The Nippur Region: From the “Heartland of the Cities” to a Rural Imperial Landscape?

Recorded: July 4, 2023
Event: Achaemenid Workshop 2
Citation: Schneider, Bernhard. "The Nippur Region: From the “Heartland of the Cities” to a Rural Imperial Landscape?" Pourdavoud Institute: Achaemenid Workshop 2 (July 4, 2023).

by Bernhard Schneider (University of Warsaw)

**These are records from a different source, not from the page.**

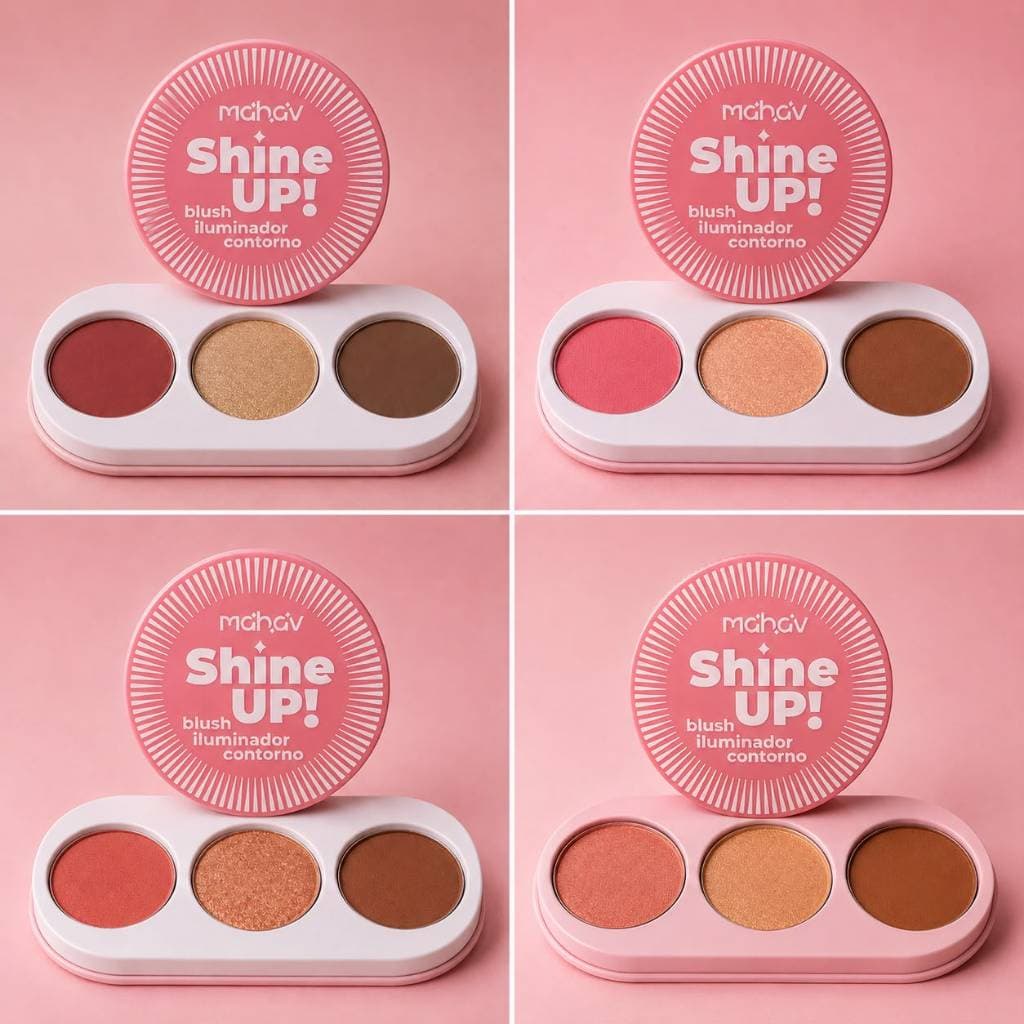 Mahav Trio Facial Paleta 3 em 1 Blush Iluminador e Contorno Shine Up Maquiagem Multifuncional para Look Perfeito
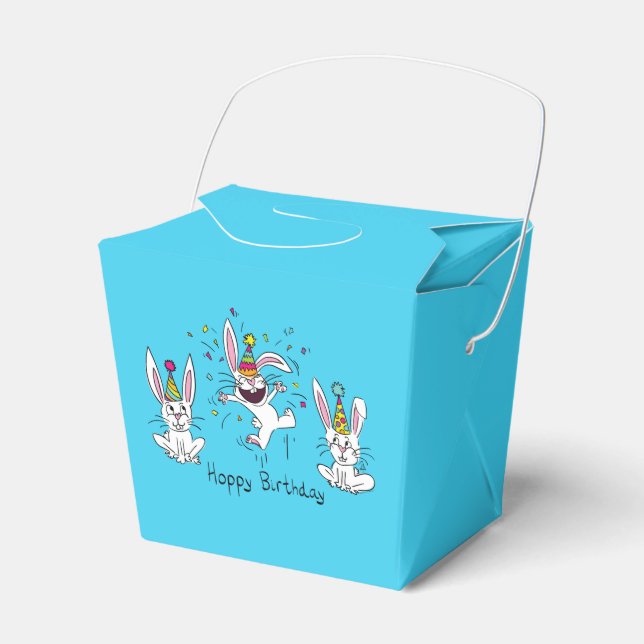 Cute Happy Birthday Bunny Rabbits Kids Favour Box (Front Side)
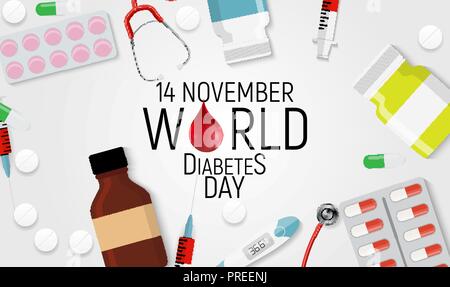 14 novembre. Arrière-plan de sensibilisation de la journée mondiale du diabète. vecteur Illutration Illustration de Vecteur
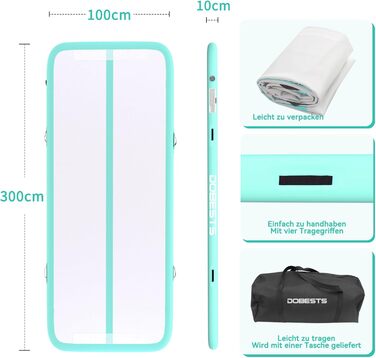 Airtrack BESTS мат гімнастичний 300x100x10 см, зелений: для дому, фітнесу, йоги, спорту з насосом та сумкою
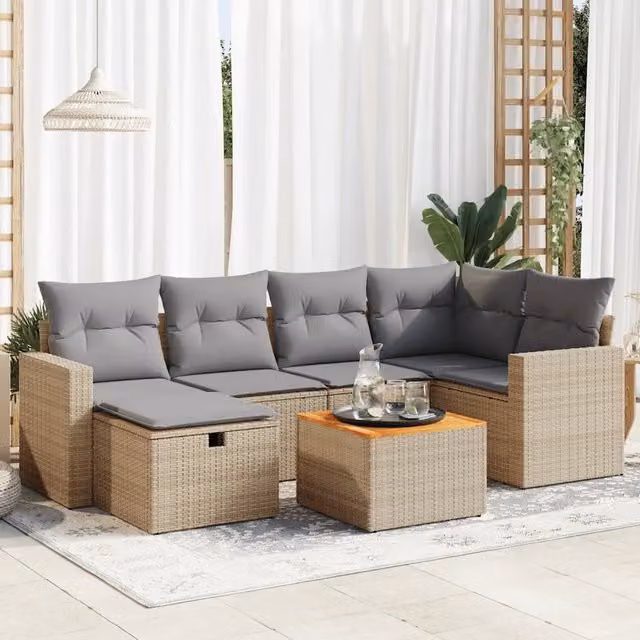 Set di divani da giardino vidaXL in rattan e legno di acacia oliato con cuscini beige, 7 pezzi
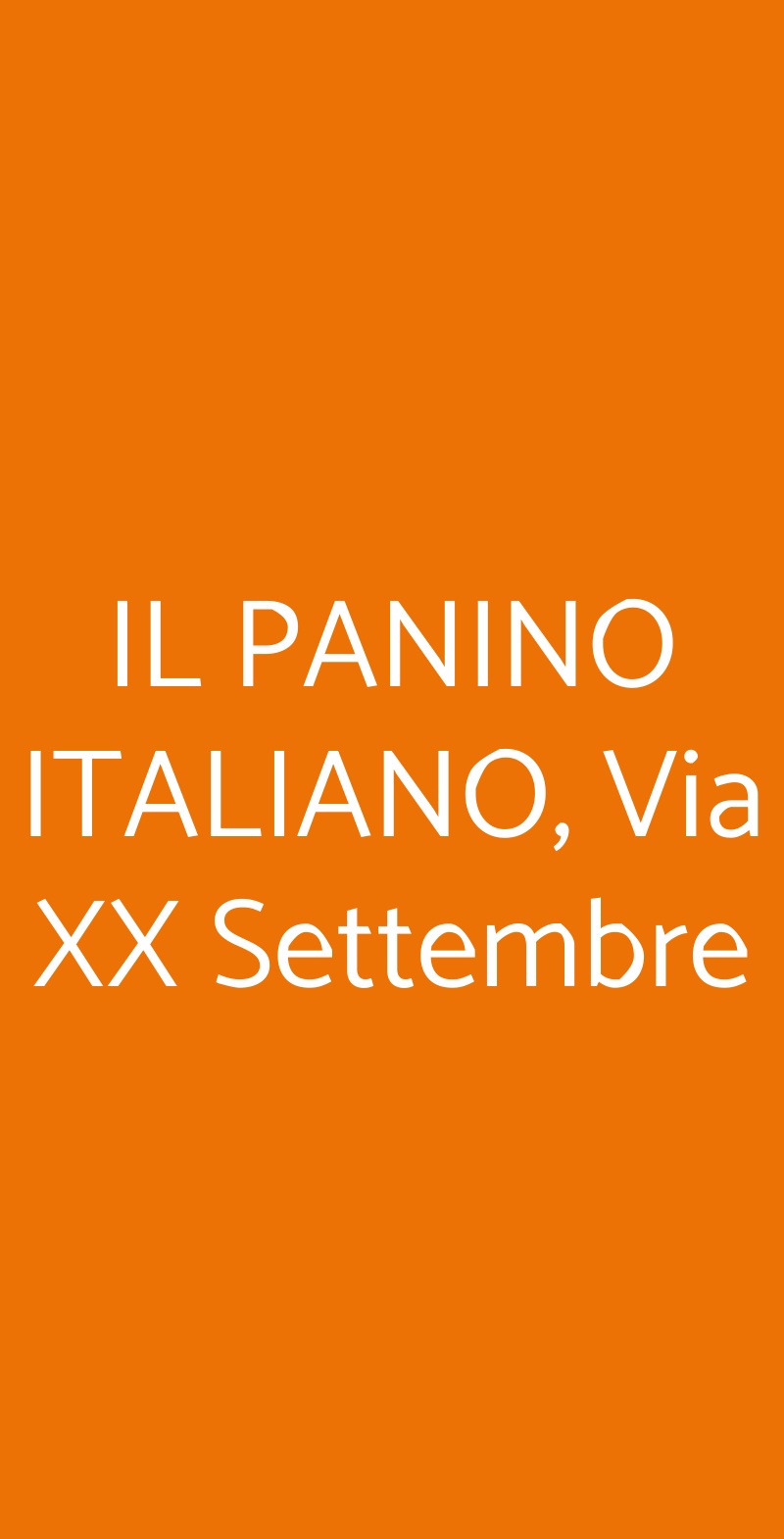 IL PANINO ITALIANO, Via XX Settembre Genova menù 1 pagina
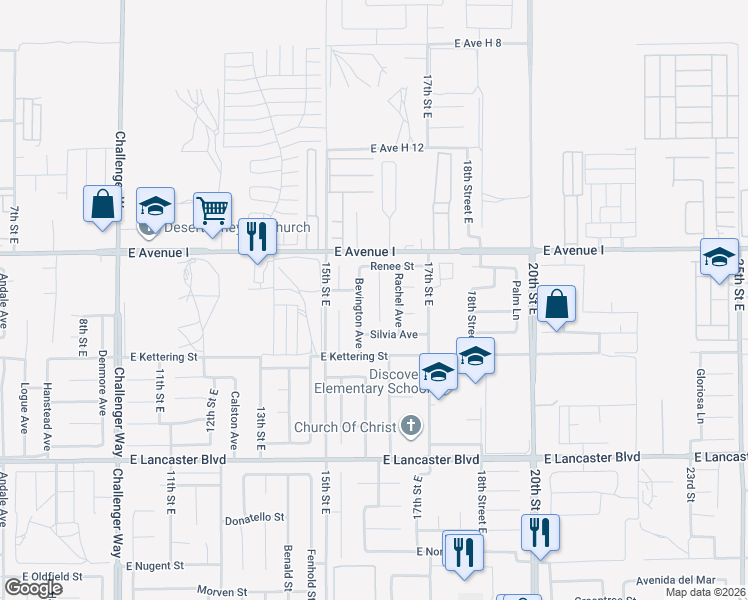 map of restaurants, bars, coffee shops, grocery stores, and more near 45101 Colleen Drive in Lancaster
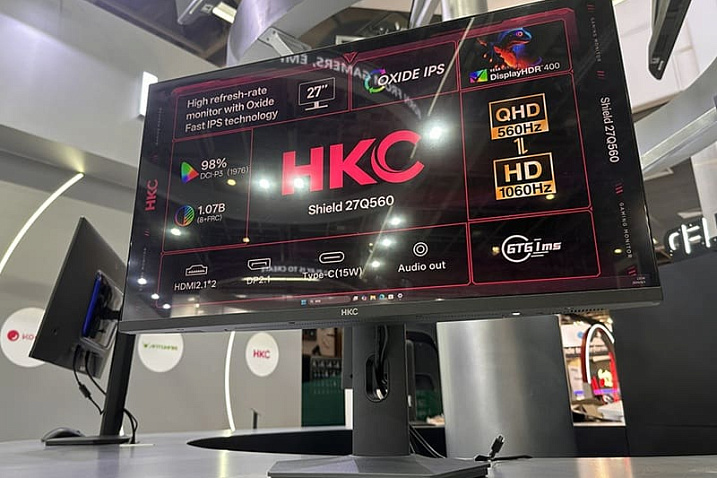 Новый монитор от HKC на необычной матрице IPS достигает частоты обновления 1060 Hz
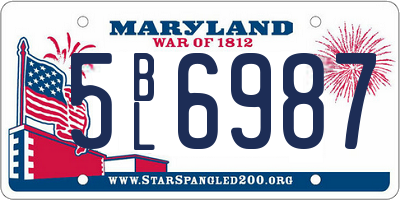 MD license plate 5BL6987
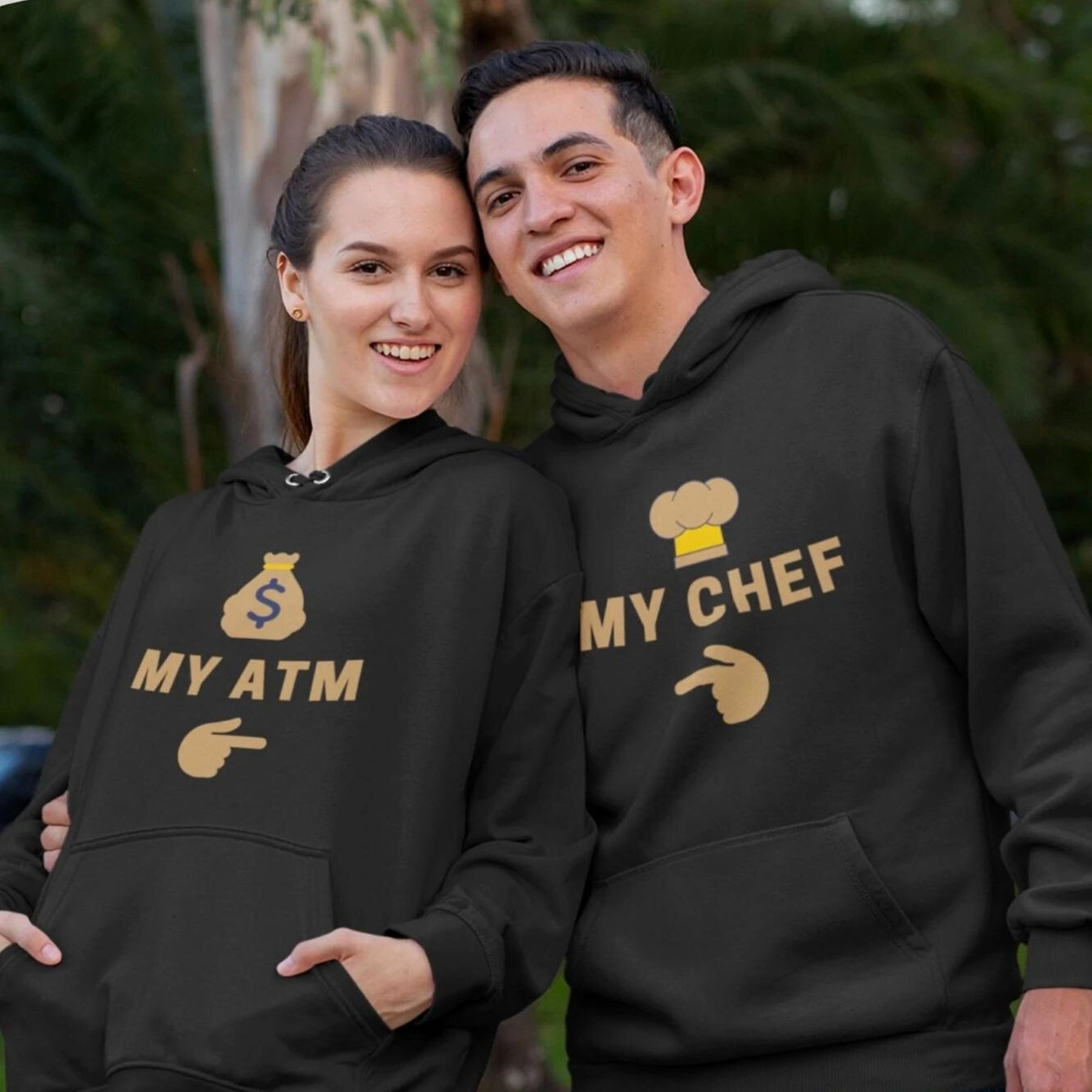 He Is My ATM Black Couple Hoodies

The region around Nippur was literally clustered with urban settlements until about the end of the first half of the 2nd Millennium BC, followed by a supposed depopulation at the turn to the 1st century BC. This development was not reversed until about the Neo-Babylonian period. Already Robert McCormick Adams pointed out that only during the latter period a reversing process began which culminated in a revitalization of the irrigation system during the Achaemenid period. The exceptionally good textual record is based mainly on the chance find of the so-called Murašû archive (454-405 BC) which derives from a single room of a private house at Nippur. It provides us with a vast amount of information concerning different groups of foreign origins, settled in a rural environment in the hinterland of the city. Here, the still understudied archaeological evidence within the study area during the Achaemenid period will be re- analyzed. Furthermore, an outlook on the upcoming project RuBab will be given.

About the Speaker

Bernhard Schneider earned his PhD at the University of Innsbruck with a diachronic study of the main Sumerian sanctuary of Enlil at Nippur. He is currently holding a Post-Doc position in the project “MeMaRe: Mesopotamian Material Religion: Shifting Landscapes of Human-Divine Networks in Ancient Mesopotamia” at the UKSW Warsaw (NCN, OPUS 21). From 2024 onwards, he will be the PI of the project RuBab – Rural Southern Babylonian Sites During the Early “Age of Empire” (ca. 720-150 BC), based at the University of Wroclaw (MSCA Cofund with NCN, POLONEZ BIS 2).